デジタル化の大きなうねりは中国企業の決算にも顕著に表れている。新型コロナウイルスの猛威に揺れた2020年初めはあらゆる産業の収益が落ち込んだが、アリババグループ、騰訊(テンセント)の2大デジタルプラットフォーマーをはじめネットサービスを提供する企業の収益は大幅に拡大した。4月以降、武漢など各都市での都市封鎖(ロックダウン)が解除され、経済活動がほぼ正常化してからも、不可逆的に成長を続けている。

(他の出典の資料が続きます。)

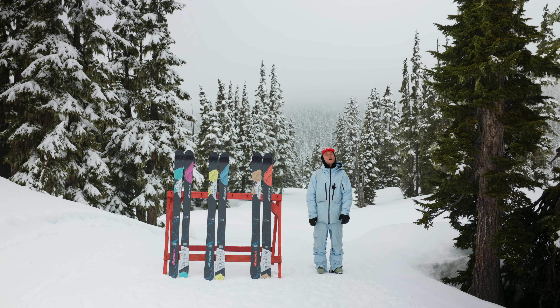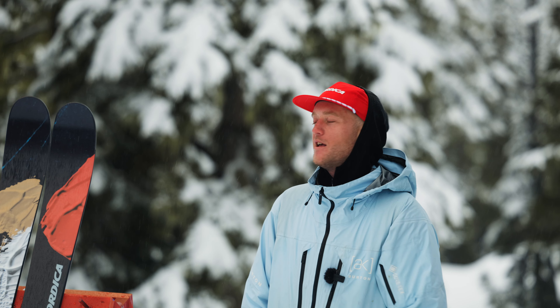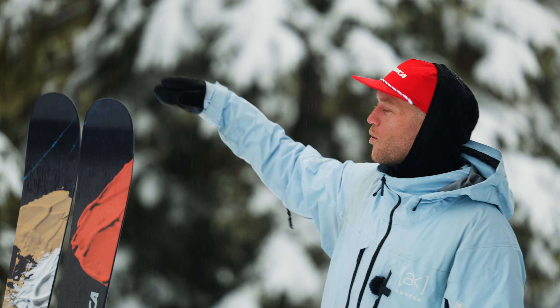What's up everyone? Essex here, Nordica Freeride Athlete, and I've got the Nordica Unleashed Series next to me — the free ski collection that's going to get you dialed wherever you want on the mountain. We've got three different skis lined up that are going to be suited to different conditions. I ride all three of them, and they work for pretty much anything you want to do to have fun out on the hill — slide around and be creative with your skiing.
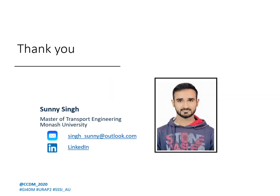Thank you all for patiently listening to the presentation. I wish you all a great day ahead.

東洋経済は、成長性や事業規模、技術力を基準に、現在の中国を代表する有力企業を「中国100強」として幅広い産業の中から独自に選出している。今回は新型コロナの影響が色濃く出た20年度1~6月期(上半期)と19年度通期の最新決算データを集計。その中で、20年度上半期の増収率、増収額、増益率、増益額の上位を並べたのが下のランキングだ(いずれも前年同期比、中国100強の業績一覧表は記事下に掲載)。

成長性ランキング

主に新興企業の成長性を示す増収率のランキングでは、ゲノム解析を手がける華大基因(BGI)の売上高が前年同期比約3.2倍と急拡大しトップに。これはとくに新型コロナ検査キットの需要によるものだ。日本でもシスメックスが同社製の検査キットの薬事承認を取得、医療機関へ提供している。